Cuando Aimé Víctor Olivier de Sanderval, conocido entre los peuls como Yémé, consigue hacerse con la confianza de los más altos dignatarios de los reinos y principados locales y llega a ser reconocido como peul, sus problemas se multiplican. A la supervivencia entre las intrigas de las sucesiones y los complicados equilibrios de poder de los nobles del Fouta Djalón, tiene que sumar la resistencia de las autoridades francesas a reconocerle su condición de pionero y allanarle el camino de sus propias ambiciones personales. Convertido en rey de Kahel, sus problemas no hacen sino comenzar.

“Recorrió su reino a caballo y conoció a la mayor parte de sus súbditos.
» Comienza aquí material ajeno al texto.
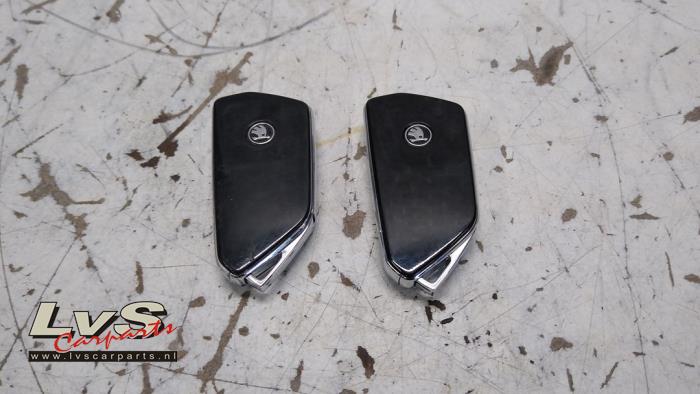 Używane Klucz Skoda Octavia Combi (NXAC) Cena € 75,00 Procedura marży oferowane przez LvS Carparts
Organizó suntuosas fiestas frecuentadas por los mejores griots y las mujeres más hermosas: ¡animales de cacería a trozos, leche y miel a chorros! El fonio y el arroz se cocían en inmensos calderos de latón. “El reino de Kahel no hace sino empezar, se decía en las fiestas y en los mercados. pero es ya el reino, de entre todos los del Futa, donde mejor disfruta uno escuchando los mejores flautistas”.

En resumen, Tierno Monénembo construye una novela histórica sobre los primeros tiempos de la colonización, como nunca la había leído, con personajes complejos, llenos de contradicciones y que evolucionan a partir de sus prejuicios, retorcidos, intrigantes y avariciosos, en general, pero también astutos, inteligentes y en ocasiones casi heroicos; el relato de un tiempo en el que dos civilizaciones chocaron en África Occidental. Sí, claramente, Monénembo muestra el efecto de un choque entre dos civilizaciones, que jugaban sucio y que se resolvió simplemente por la combinación de las avaricias y las crueldades de los protagonistas.